This is my attempt to put into words what there may be no words for. This is my leap at calling back a part of myself that will always remain behind.)

Along the Way, Kathmandu, Nepal

Along the Way, Kathmandu, Nepal

 

Maybe it was for the best that the trip started out in the most populated and crushingly chaotic city in Nepal. Maybe it was no accident that after a red-eye flight to NY, three non-stop swirling days of intense emotions and conversations with the ghosts of my childhood while I helped bury my grandmother, followed by a layover in a surreal landscape with red chalky dust sprinkled over sparkling silver buildings and a lashing Arabic tongue, that I am dropped onto the bustling streets of Kathmandu. I am met with a city piled high with neatly stacked textiles and copper pots, rows of marigold necklaces and strewn rotting garbage.

 

Roadside View, Kathmandu, Nepal

Roadside View, Kathmandu, Nepal

The air is thick with diesel fumes, alluring spices, burning garbage and the occasional assaulting whiff of sewage. Any residual melancholic thoughts that I have are shoved to the back of my being as car horns, the melodic caterwauling of music and police whistles jab their way in. It is the morning of our first day in Nepal and tomorrow is Dipawali, the Hindu Festival of Lights. In addition to the standard flood of tourists, shopkeepers, schoolchildren, cows, dogs, monkeys (monkeys?!?) and chickens making their way along the streets, extended family members are returning home, and everyone must stop to pick up festival supplies. Colors bleed out of the stalls and doorways. Rickshaws, scooters and mopeds ding, beep and honk as they whiz past close enough for me to feel a breeze on my skin. Kathmandu is a white water stream of demented consciousness and I am riding its mind.

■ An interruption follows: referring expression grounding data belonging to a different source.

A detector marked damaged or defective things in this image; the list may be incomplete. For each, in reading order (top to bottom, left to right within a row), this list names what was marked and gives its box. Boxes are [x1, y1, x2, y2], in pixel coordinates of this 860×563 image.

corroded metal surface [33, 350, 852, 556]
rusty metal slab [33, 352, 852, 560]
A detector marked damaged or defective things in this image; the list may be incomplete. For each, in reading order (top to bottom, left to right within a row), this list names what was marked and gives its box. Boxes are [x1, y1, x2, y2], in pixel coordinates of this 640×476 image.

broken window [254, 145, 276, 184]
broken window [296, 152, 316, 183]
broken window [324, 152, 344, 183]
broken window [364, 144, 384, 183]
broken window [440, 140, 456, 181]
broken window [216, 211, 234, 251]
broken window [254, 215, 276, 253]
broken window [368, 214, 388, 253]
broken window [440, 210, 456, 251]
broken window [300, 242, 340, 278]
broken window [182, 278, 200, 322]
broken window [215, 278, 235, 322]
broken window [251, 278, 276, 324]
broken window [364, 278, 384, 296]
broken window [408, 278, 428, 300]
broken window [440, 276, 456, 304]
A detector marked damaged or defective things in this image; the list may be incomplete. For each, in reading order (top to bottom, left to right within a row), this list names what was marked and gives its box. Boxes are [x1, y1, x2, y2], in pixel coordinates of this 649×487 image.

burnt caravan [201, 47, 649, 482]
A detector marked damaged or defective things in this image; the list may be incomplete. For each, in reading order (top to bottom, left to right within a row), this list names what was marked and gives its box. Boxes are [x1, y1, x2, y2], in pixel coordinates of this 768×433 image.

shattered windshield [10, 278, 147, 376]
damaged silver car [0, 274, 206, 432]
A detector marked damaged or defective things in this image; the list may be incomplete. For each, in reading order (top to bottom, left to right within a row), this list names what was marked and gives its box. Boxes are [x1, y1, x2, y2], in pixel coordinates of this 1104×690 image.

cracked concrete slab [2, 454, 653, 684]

8:00am Kathmandu Bazaar, Kathmandu, Nepal

8:00am Kathmandu Bazaar, Kathmandu, Nepal

We start at the Bazaar in the center of Kathmandu in order to get the full-frontal of what a city enmeshed in festival furor looks like. Movement in this city, whether it is the constant parade of people on the streets and in the alleys, or the transports that cough their way around town, is a study in controlled chaos. As far as I can tell there are no street signs, no traffic lights and yet everyone makes their way to their destination. It reminds me of standing on a bridge as a child and tossing sticks and leaves into the torrent of a bursting springtime creek below. Unseen currents carry the objects here and there, with some getting caught in invisible whirlpools in the center, but eventually everything makes its way downstream.

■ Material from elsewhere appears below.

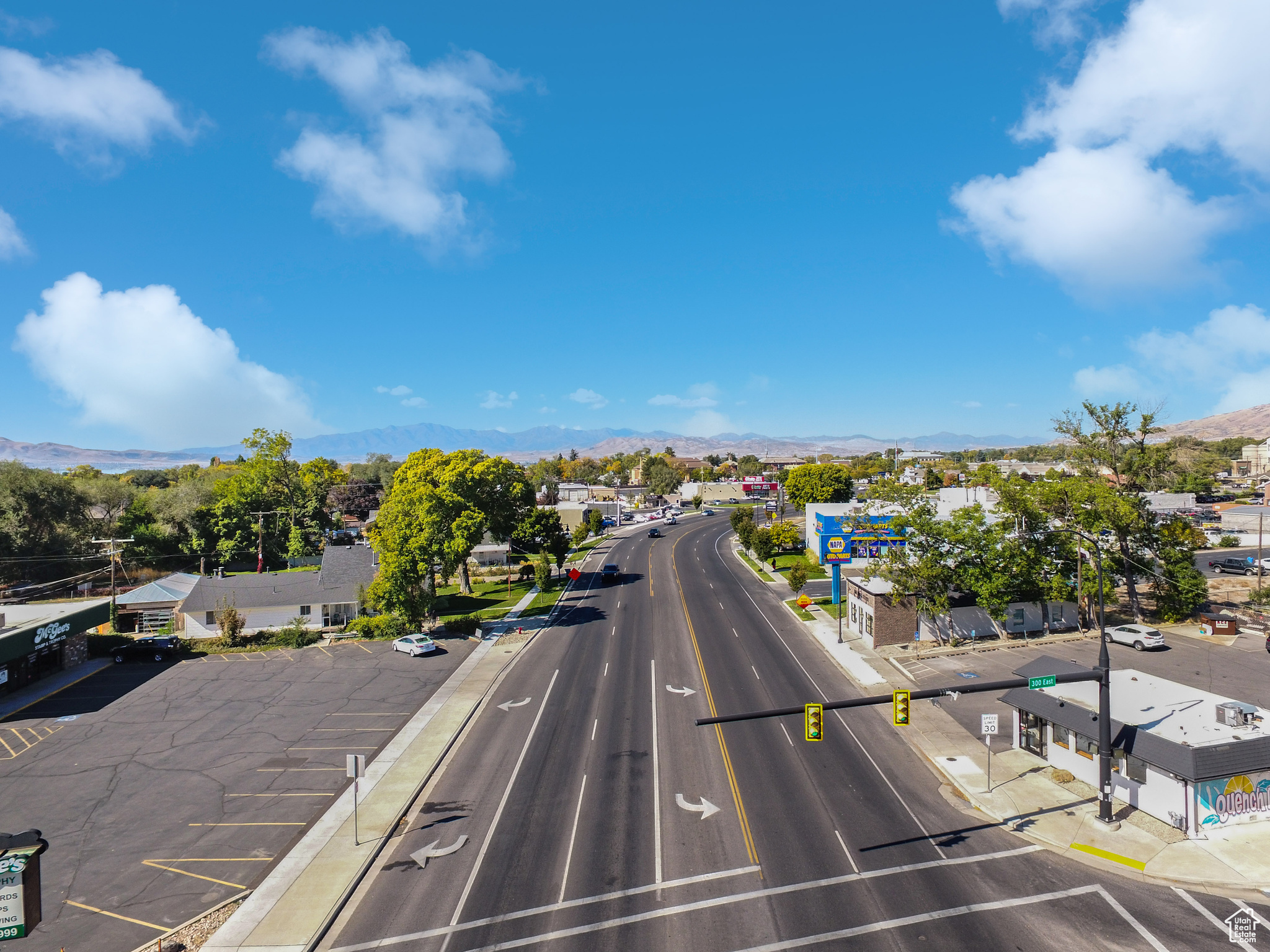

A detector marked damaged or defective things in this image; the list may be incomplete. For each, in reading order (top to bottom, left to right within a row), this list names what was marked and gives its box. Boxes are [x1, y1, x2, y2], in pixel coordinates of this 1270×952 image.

Diwali Necklaces, Kathmandu, Nepal

Diwali Necklaces, Kathmandu, Nepal

Storefront Symphony of Color, Kathmandu, Nepal

Storefront Symphony of Color, Kathmandu, Nepal

Bazaar Colors, Kathmandu, Nepal

Bazaar Colors, Kathmandu, Nepal

We meander and pick our way past open stalls that spill out wares, as shopkeepers cautiously eye the passersby. Some sellers are engrossed in stitching together flower necklaces for the festival, while others are hawking their best deals. Saris and traditional Nepali menswear hang from intricately carved entranceways, along with fleece pants decorated in Western world cartoon characters, t-shirts that say ‘I (heart) Nepal’ and hilariously misspelled American knockoffs such as “Galvin Klein.”  I try my best to pay attention to my group so that I don’t get lost, but I can’t help but wander around gaping wide-mouthed at the spectacle before me.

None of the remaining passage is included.